**WORK TO BE COMPLETED:**
In your copy, include every line of the records exactly and no picture at all.

Saved data entries:
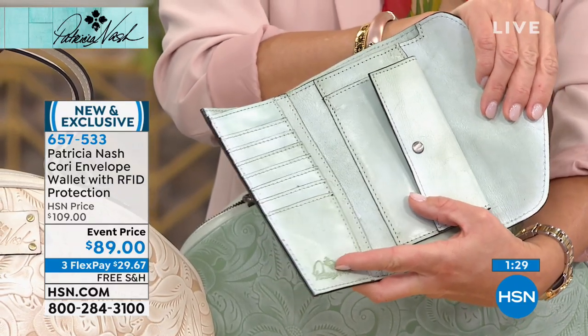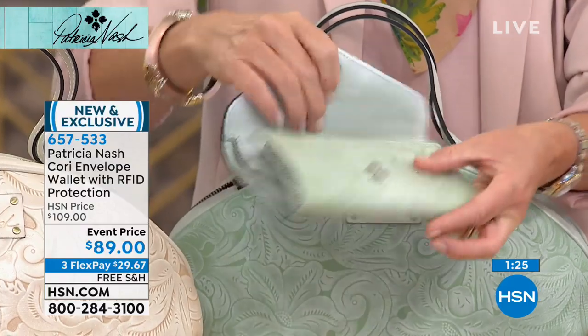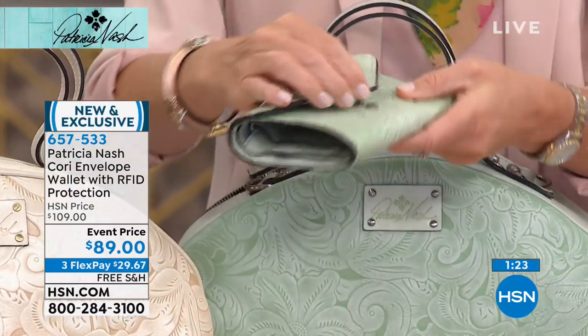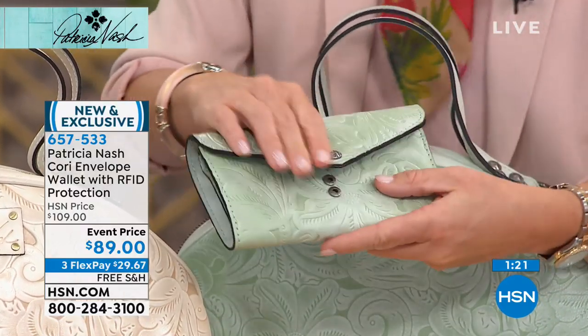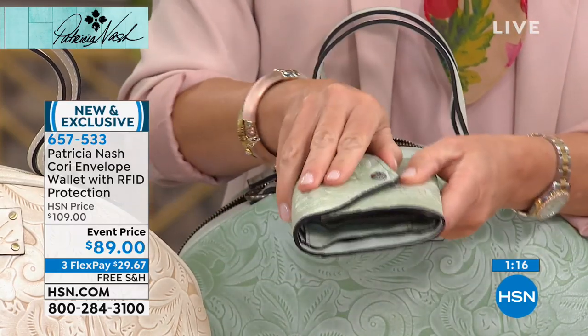It even has two snaps on the outside, so if you're like me and you always overstuff your wallet, you've got a little room to grow there. We always just think we can stuff that one more thing in.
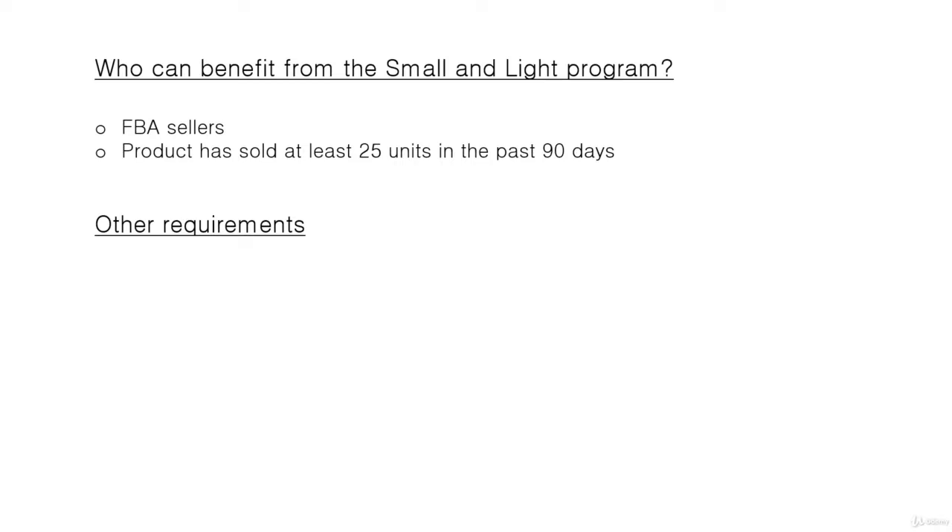A couple of other requirements: some restrictions do apply, but really these are products that are not normally allowed to be sold through FBA anyway. The prep requirements are a little different but are quite simple — there's nothing complicated about it.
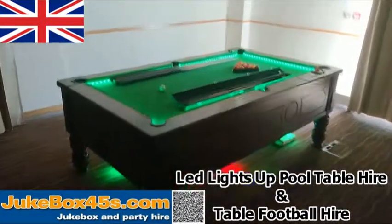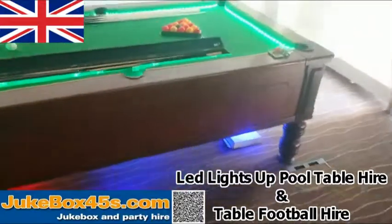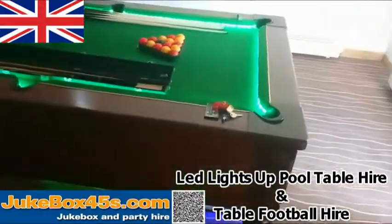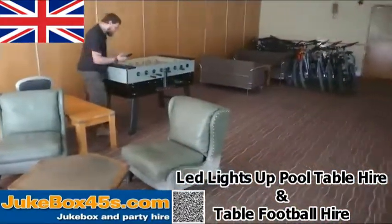Here's our LED pool table, just being put into a hotel in Gloucestershire, all ready for a corporate event tonight. They're also having a table football.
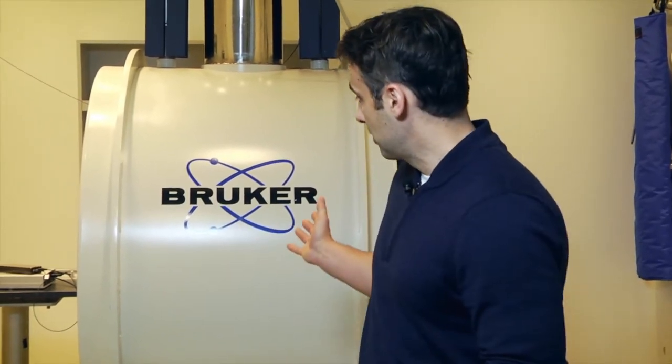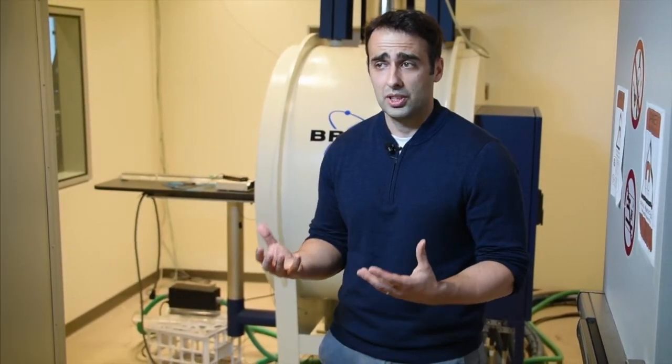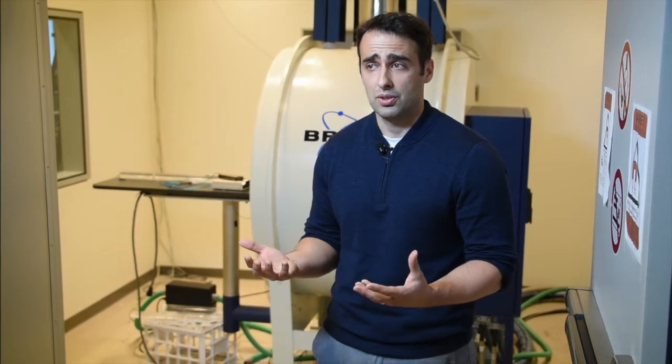One of the instruments that I use in my research is this 7T preclinical MRI scanner, and specifically it's used for understanding brain function and structure in what are called preclinical neurological disease models.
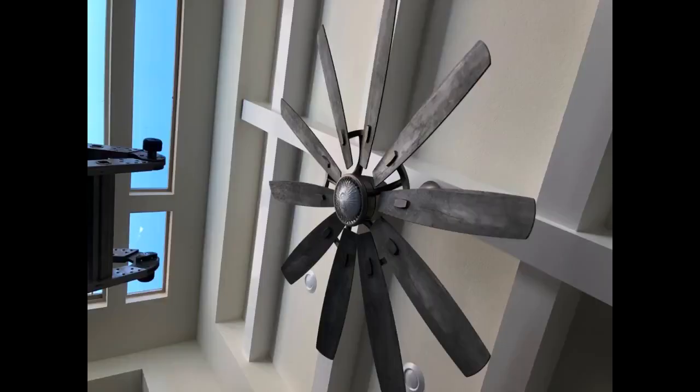The only thing I don't like is the light fixture — someone needs to come up with a better design. You will not be disappointed if you purchase.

**TASK RESPONSE:**
It even has two snaps on the outside, so if you're like me and you always overstuff your wallet, you've got a little room to grow there. We always just think we can stuff that one more thing in.
A couple of other requirements: some restrictions do apply, but really these are products that are not normally allowed to be sold through FBA anyway. The prep requirements are a little different but are quite simple — there's nothing complicated about it.
Here's our LED pool table, just being put into a hotel in Gloucestershire, all ready for a corporate event tonight. They're also having a table football.
One of the instruments that I use in my research is this 7T preclinical MRI scanner, and specifically it's used for understanding brain function and structure in what are called preclinical neurological disease models.
The only thing I don't like is the light fixture — someone needs to come up with a better design. You will not be disappointed if you purchase.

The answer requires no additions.